Whether upon different facts than those we have the county, to collect what the sheriff owes it on account of its funds he appropriated to pay his debt to the state, might have laid claim to sufficient of the funds in the sheriff's account in the failed bank to make it whole, we do not decide. It is not before us. As the record stands, the sureties have satisfied all claims which the county has against the failed bank, and they are entitled to be subrogated to its position.
The claim of the sureties that the bank when it failed held in trust for the county a fund of $21,503.53 deposited there to pay bond coupons, and that, having fully paid the county, they should be subrogated to that fund, may be summarily disposed of. The warrants which the sureties rely on as constituting the trust fund were not left with the bank in trust; they were deposited with it like all the other moneys in the depository were.

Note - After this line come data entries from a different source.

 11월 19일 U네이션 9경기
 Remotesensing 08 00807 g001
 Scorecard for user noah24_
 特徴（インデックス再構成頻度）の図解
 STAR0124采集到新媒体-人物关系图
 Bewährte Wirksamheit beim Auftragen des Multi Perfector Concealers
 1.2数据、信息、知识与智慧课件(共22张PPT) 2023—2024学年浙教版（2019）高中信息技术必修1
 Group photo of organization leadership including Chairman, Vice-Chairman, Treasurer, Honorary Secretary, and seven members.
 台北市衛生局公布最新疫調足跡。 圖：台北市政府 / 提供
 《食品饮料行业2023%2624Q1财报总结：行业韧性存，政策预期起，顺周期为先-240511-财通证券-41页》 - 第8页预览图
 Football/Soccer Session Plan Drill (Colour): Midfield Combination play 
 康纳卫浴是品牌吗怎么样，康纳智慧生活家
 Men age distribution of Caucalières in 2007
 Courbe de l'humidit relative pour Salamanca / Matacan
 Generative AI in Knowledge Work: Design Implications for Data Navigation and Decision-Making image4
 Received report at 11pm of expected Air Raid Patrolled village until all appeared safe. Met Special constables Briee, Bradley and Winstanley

The bank continued to pay interest on these amounts just as it did on the other depository funds, and these amounts were reckoned and paid by the sureties as a part of the depository fund for which their bonds stood liable.
Wholly apart, then, from the questions of augmentation and tracing with which the District Judge's findings deal, the sureties' claim fails in this regard. The proof shows, not the creation of a trust by the making of a special deposit, but the creation of the relation of debtor and creditor. It shows the making of a deposit special, only in the sense that other funds in the depository were special, in that a special entry was made on the books of the bank and on the books of the county in regard to these funds to designate the use to be made of the credit set up.
We find no error in the judgment. It is affirmed.